Outgoing president Rodrigo Duterte, who's daughter will be Bongbong's Vice President, pivoted the Philippines' foreign policy early in his term from being close to the U.S., toward China. At times Duterte attacked the U.S. with his trademark brash rhetoric in hopes of attracting more investments and scoring more aid from Beijing, but most of the pledges have not materialized.
Duterte even threatened to abrogate a longstanding Visiting Forces Agreement with the U.S., but ultimately decided to leave the defense pact unscathed. The Philippines is the United States' oldest treaty ally in Asia.
While he has not discussed specifics of his foreign policy, Bongbong has been quoted as saying he will foster closer ties with China. Some outlets have even quoted him as saying he could set aside a 2016 international ruling invaliding China's expansive claims in the South China Sea, because "China did not recognize it."
Many believe he will seek to forge a bilateral agreement with China to settle those territorial differences.
"If you let the U.S. come in, you make China your enemy," he told local radio station DZRH. "I think we can come to an agreement (with China). As a matter of fact, people from the Chinese embassy are my friends. We have been talking about that."
Chinese President Xi Jinping sent a congratulatory message on Thursday through the embassy in Manila.

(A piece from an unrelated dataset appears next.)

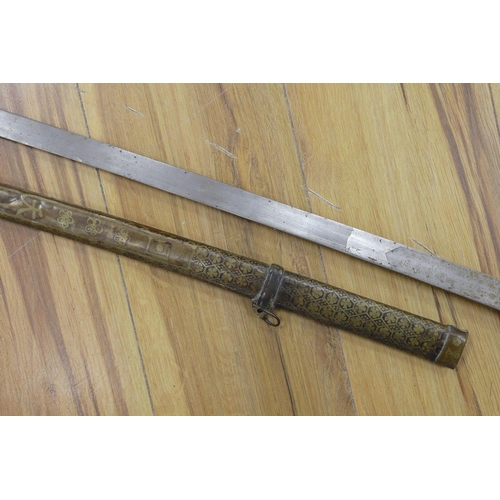 434 - A Chinese sword, single edged blade 64cm, in etched brass scabbard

"China and the Philippines are neighbors facing each other across the sea and partners through thick and thin," Xi said in the message. "In recent years, with the joint efforts of both sides, the bilateral relations have been consolidated and enhanced, bringing benefits to the people of both countries and contributing to regional peace and stability."
But the tension over the territorial disputes at sea has not gone away. Filpino fishermen continue having to deal with an aggressive Chinese Coast Guard and maritime militia, and Chinese incursions into Philippine waters have triggered dozens of diplomatic protests.
Analysts expect Marcos Jr. to try to maintain a delicate balancing act.
"For pragmatic reasons, I expect the Marcos Jr. administration to keep the two sides offering not just signals of goodwill, but also practical benefits," Jaime FlorCruz, a veteran Asia analyst and CNN's former Beijing bureau chief, told CBS News. "For example, the Marcos Jr. administration may try to renegotiate the Mutual Defense Treaty [with the U.S.] and try to maximize benefits from such a treaty."
One thing the Biden administration may be watching closely – especially after the tumultuous years under Duterte - is how the new Philippine leadership will uphold democracy and human rights.
Marcos Jr. and his communications and security teams have ignored and harassed mainstream journalists, and he's suggested altering sections in the country's school textbooks on the Martial Law period during his father's rule.